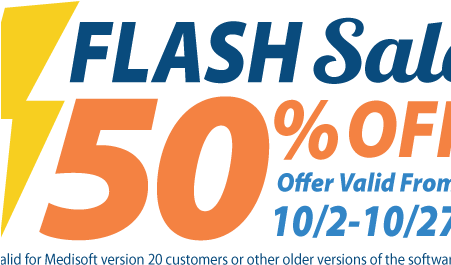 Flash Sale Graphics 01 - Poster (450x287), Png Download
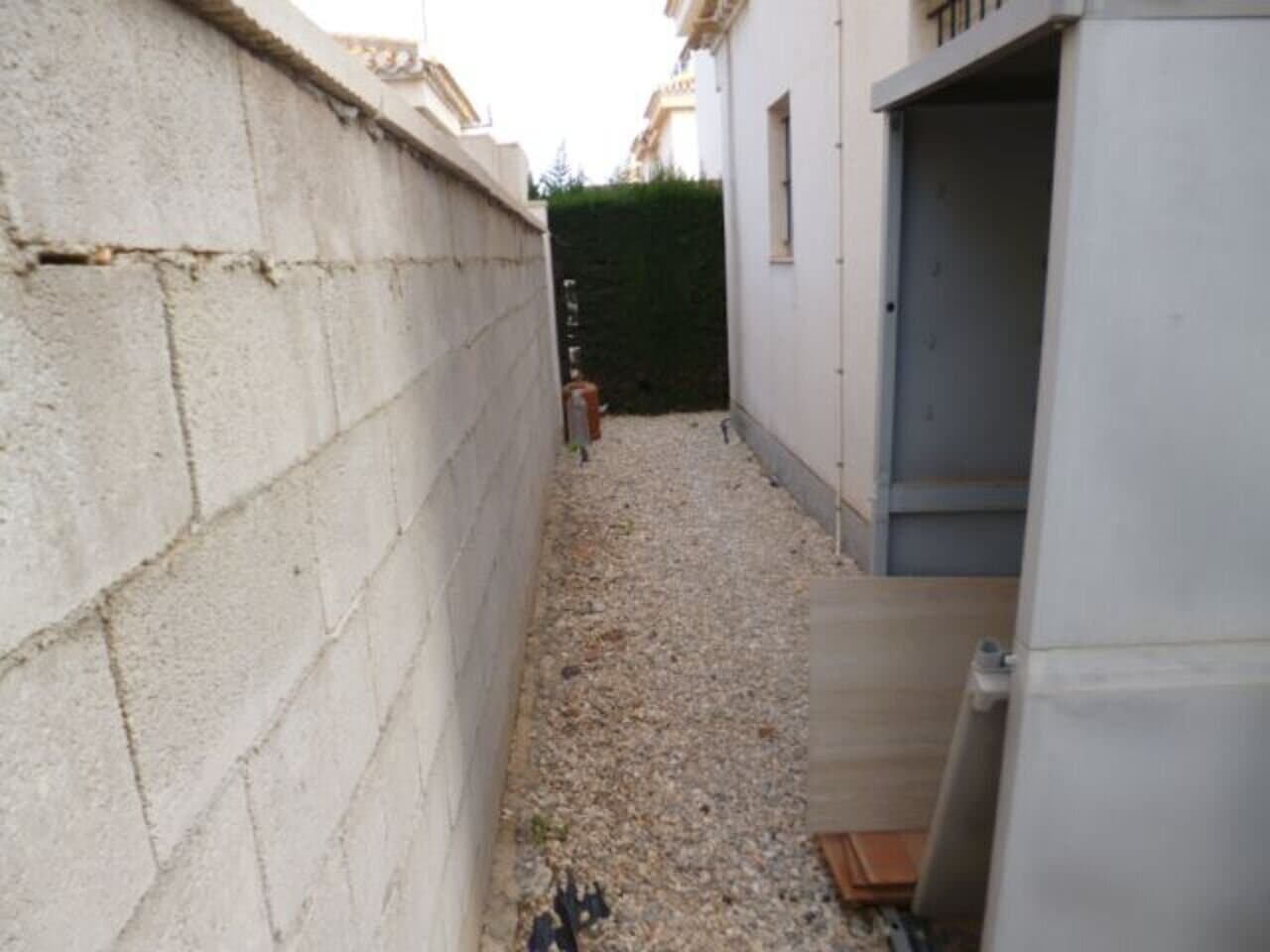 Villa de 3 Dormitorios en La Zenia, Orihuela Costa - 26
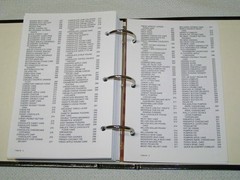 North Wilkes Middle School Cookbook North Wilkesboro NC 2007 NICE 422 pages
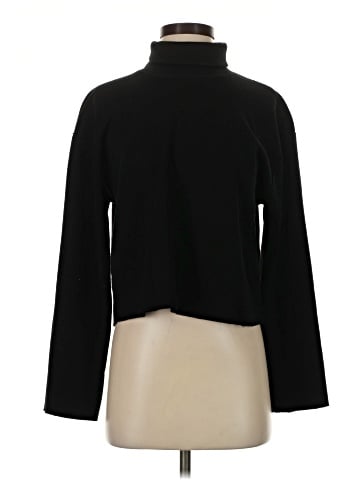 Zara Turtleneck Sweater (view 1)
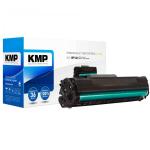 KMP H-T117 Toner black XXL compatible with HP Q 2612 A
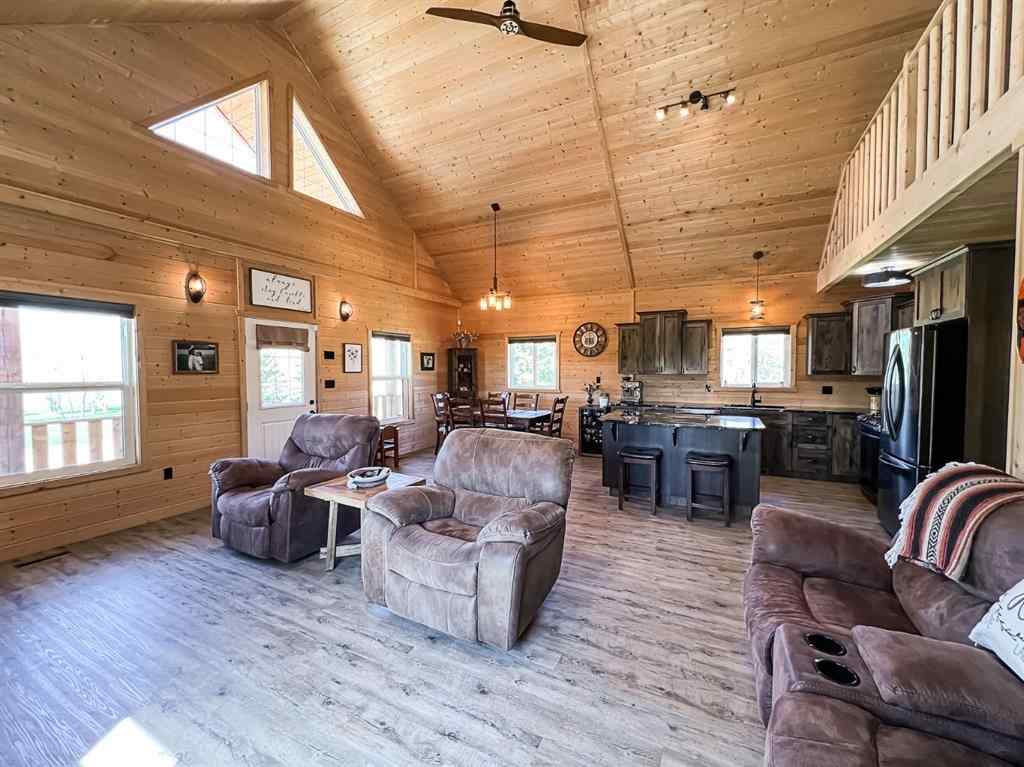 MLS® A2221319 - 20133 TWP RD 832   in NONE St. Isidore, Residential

☆ ☆ ☆ ☆ ☆

Leaving out the pictures, return the records exactly as given.

TASK RESPONSE »
 Flash Sale Graphics 01 - Poster (450x287), Png Download
 Villa de 3 Dormitorios en La Zenia, Orihuela Costa - 26
 North Wilkes Middle School Cookbook North Wilkesboro NC 2007 NICE 422 pages
 Zara Turtleneck Sweater (view 1)
 KMP H-T117 Toner black XXL compatible with HP Q 2612 A
 MLS® A2221319 - 20133 TWP RD 832   in NONE St. Isidore, Residential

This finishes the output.